A continuación entró el señor Carson del día anterior, con la cara totalmente devastada por la falta de sueño, que se dirigió hacia Prokop emitiendo sonidos de alegría.

XXI

—Espere —lo detuvo Prokop—. Permítanme que les presente. Ingeniero Carson,
sir
Reginald Carson.

Sir
Carson dio un respingo, pero permaneció sentado con inmutable dignidad. Por el contrario, el ingeniero Carson, perplejo, dio un silbido y se dejó caer en una silla como una persona a la que le flaquean las piernas. Prokop se apoyó en la puerta y se regodeó mirando a ambos caballeros con una malicia desbocada.

—¿Y bien? —preguntó finalmente.

Sir
Carson se puso a colocar sus papeles en el maletín.

—Sin duda —dijo pausadamente—, será mejor que le visite en otro momento…

—Tenga la bondad de quedarse —lo interrumpió Prokop—. Discúlpenme, caballeros, ¿no son ustedes, por casualidad, familia?

—En absoluto —dijo el ingeniero Carson—. Más bien al contrario.

—Entonces, ¿cuál de ustedes es realmente Carson?

No contestó ninguno de los dos; la situación era realmente incómoda.

—Pida a ese señor —dijo con brusquedad
sir
Reginald—, que le enseñe sus papeles.

—Claro que sí —le espetó el ingeniero Carson—, pero después del caballero preopinante. Sí.

—¿Y quién de ustedes puso el anuncio?

—Yo —anunció sin vacilación el ingeniero Carson—. Fue idea mía, caballero. Y hago constar que incluso en nuestro ramo es de una vileza inaudita subirse gratis al carro de la idea de otra persona. Sí.

—Si me permite —
sir
Reginald se giró hacia Prokop con auténtica indignación moral—, esto ya es el colmo. ¡Qué impresión habría dado si hubiera salido un anuncio más con otro nombre! Simplemente tuve que aceptar el hecho de cómo lo había llevado a cabo ese caballero de ahí.

—Ahá —arremetió combativo el señor Carson—, y por eso este caballero se apropió también de mi nombre, ¿sabe?

—Simplemente hago notar —protestó
sir
Reginald—, que ese señor de ahí no se llama en absoluto Carson.

—¿Y cómo se llama entonces? —inquirió apresuradamente Prokop.

—… No lo sé con exactitud —dijo entre dientes el lord con desdén.

—Carson —Prokop se dirigió al ingeniero—, ¿y quién es este caballero?

—La competencia —dijo con amargo sentido del humor el señor Carson—. Es el caballero que, mediante cartas falsas, ha estado intentando atraerme a todo tipo de lugares. Seguramente quería presentarme allí a gente muy agradable.

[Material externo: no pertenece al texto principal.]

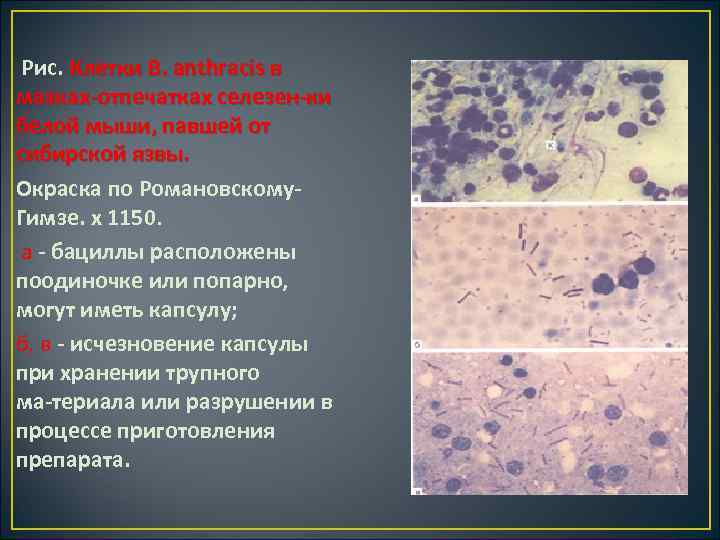  Рис. Клетки В. anthracis в мазках отпечатках селезен ки белой мыши, павшей от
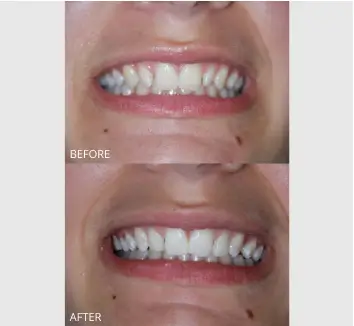 Smile Makeover Case 16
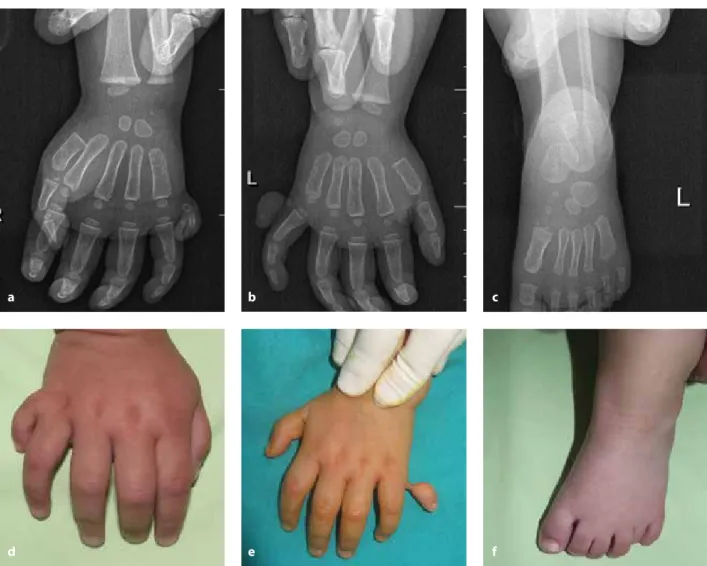 Şekil 2. a-f. Her iki elde ve sol ayakta basit polidaktilisi olan ve basit eksizyon yapılan 2 yaşındaki erkek hastanın radyolojik ve  preoperatif görüntüleri (a) sağ el grafisi (b) sol el grafisi (c) sol ayak grafisi (d) sağ el preoperatif görüntüsü (e) so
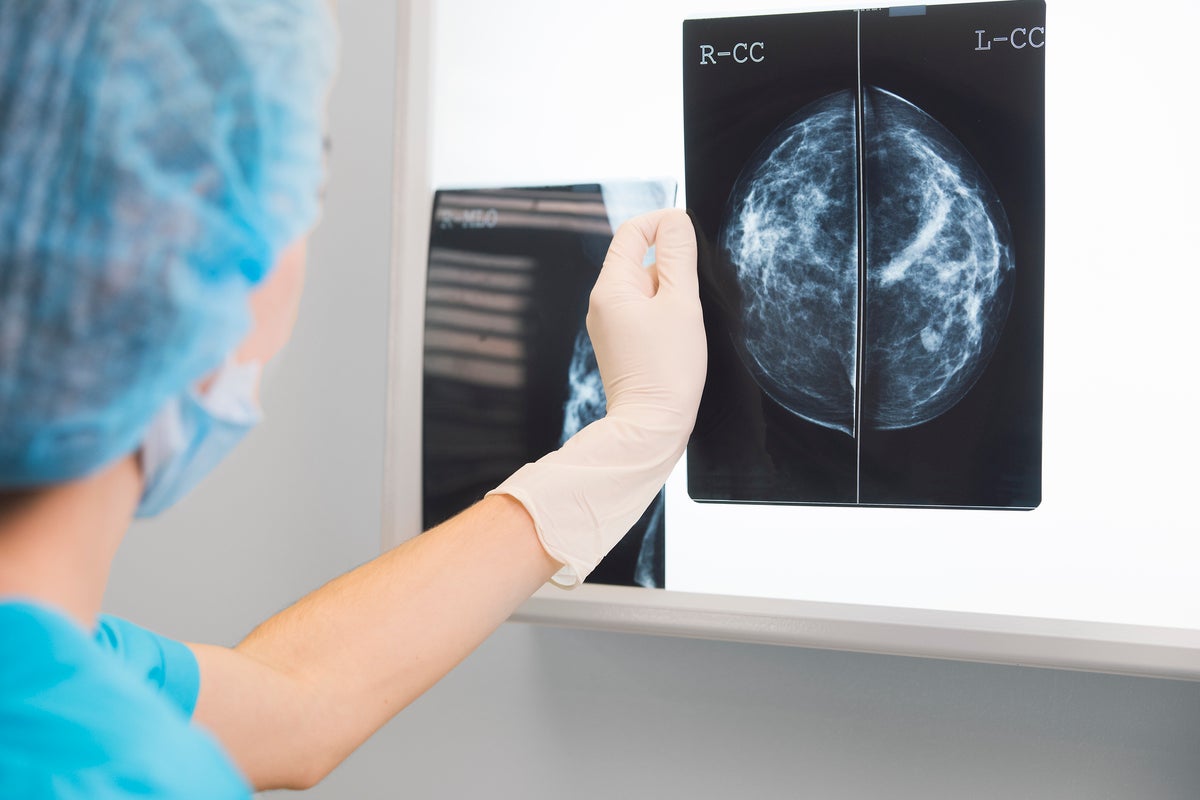 Breast cancer discovery could make treatment more effective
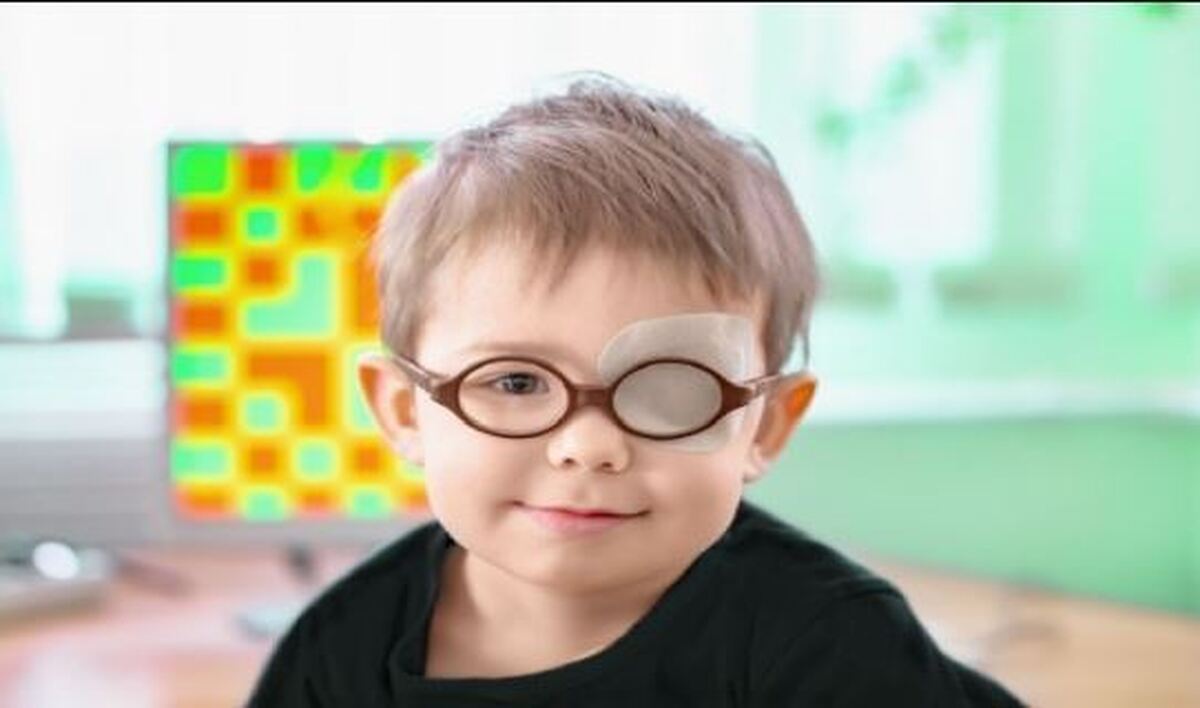 درمان بیش از ۱۳ هزار مورد تنبلی چشم در کودکان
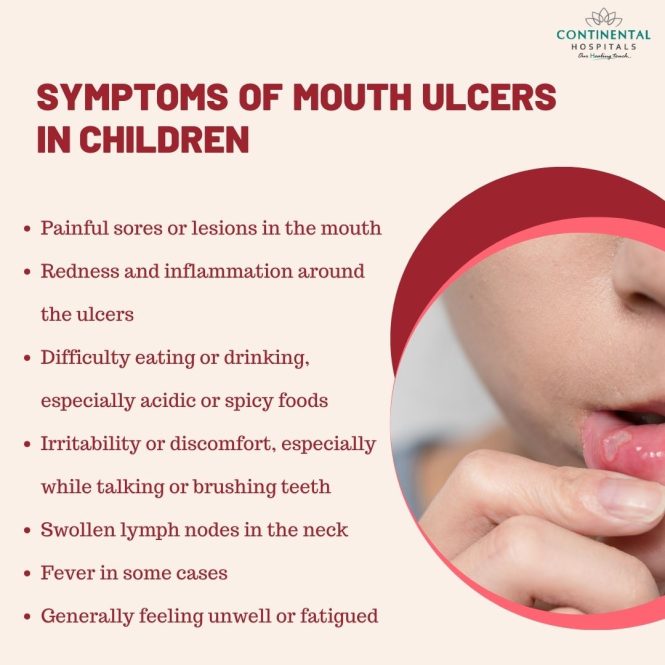 Featured image for The Discomfort of Mouth Sores and Ulcers: Finding Relief and Understanding Causes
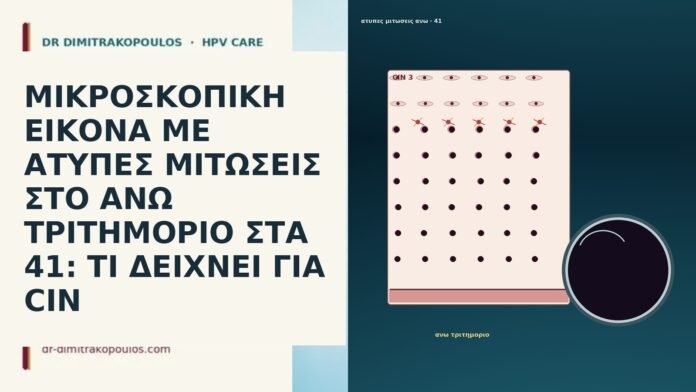 ΜΙΚΡΟΣΚΟΠΙΚΗ ΕΙΚΟΝΑ ΜΕ ΑΤΥΠΕΣ ΜΙΤΩΣΕΙΣ ΣΤΟ ΑΝΩ ΤΡΙΤΗΜΟΡΙΟ ΣΤΑ 41: ΤΙ ΔΕΙΧΝΕΙ ΓΙΑ CIN ΜΙΚΡΟΣΚΟΠΙΚΗ ΕΙΚΟΝΑ ΜΕ ΑΤΥΠΕΣ ΜΙΤΩΣΕΙΣ ΣΤΟ ΑΝΩ ΤΡΙΤΗΜΟΡΙΟ ΣΤΑ 41:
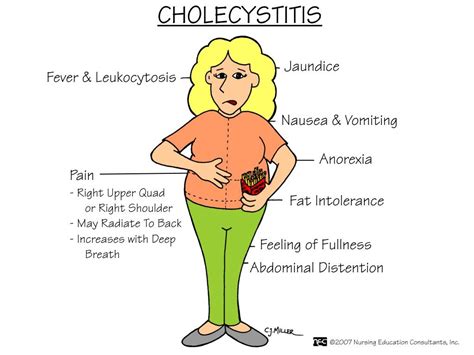 Pin on Nursing mnemonics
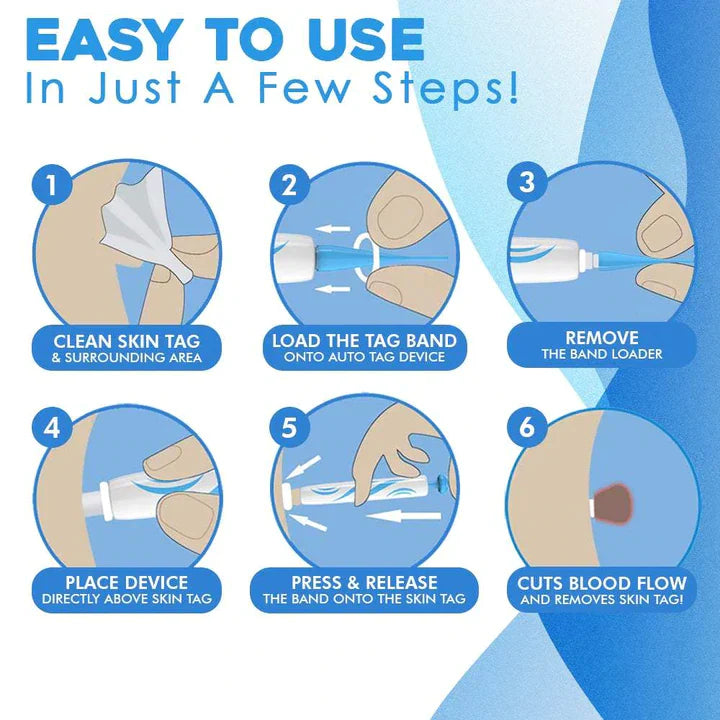 TagZap | Huidtagverwijderingsset - Snel, veilig en effectief wratten en mollen verwijderen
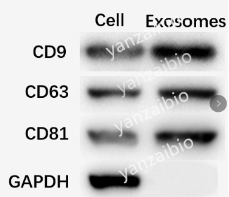 外泌体WB检测.png 外泌体WB检测.png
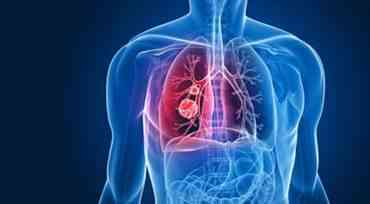 Месячник осведомленности о раке легких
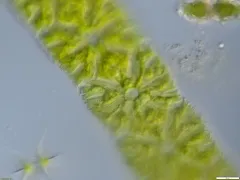 Micrasterias foliacea thumbnail 2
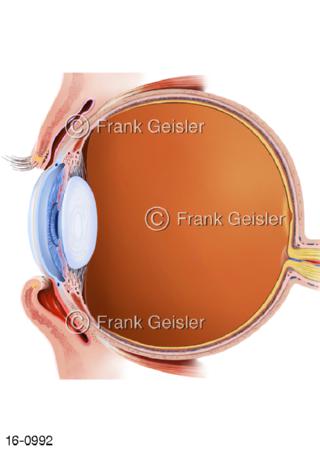 Sehorgan Auge, Augenlider Entropium mit Bindehautentzündung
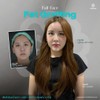 Facial Fat Grafting เติมไขมันหน้าเด็ก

—A la policía militar local, disculpe —musitó
sir
Reginald.

El ingeniero los fulminó con una mirada maligna y tosió a modo de advertencia: «Por favor, no hablen de esto. En caso contrario…».

—¿Quieren los caballeros explicarse mutuamente algo más? —dijo Prokop con una mueca desde la puerta.

—No, nada más —dijo, muy digno,
sir
Reginald; hasta ese momento no había considerado al otro Carson digno de dedicarle siquiera una mirada.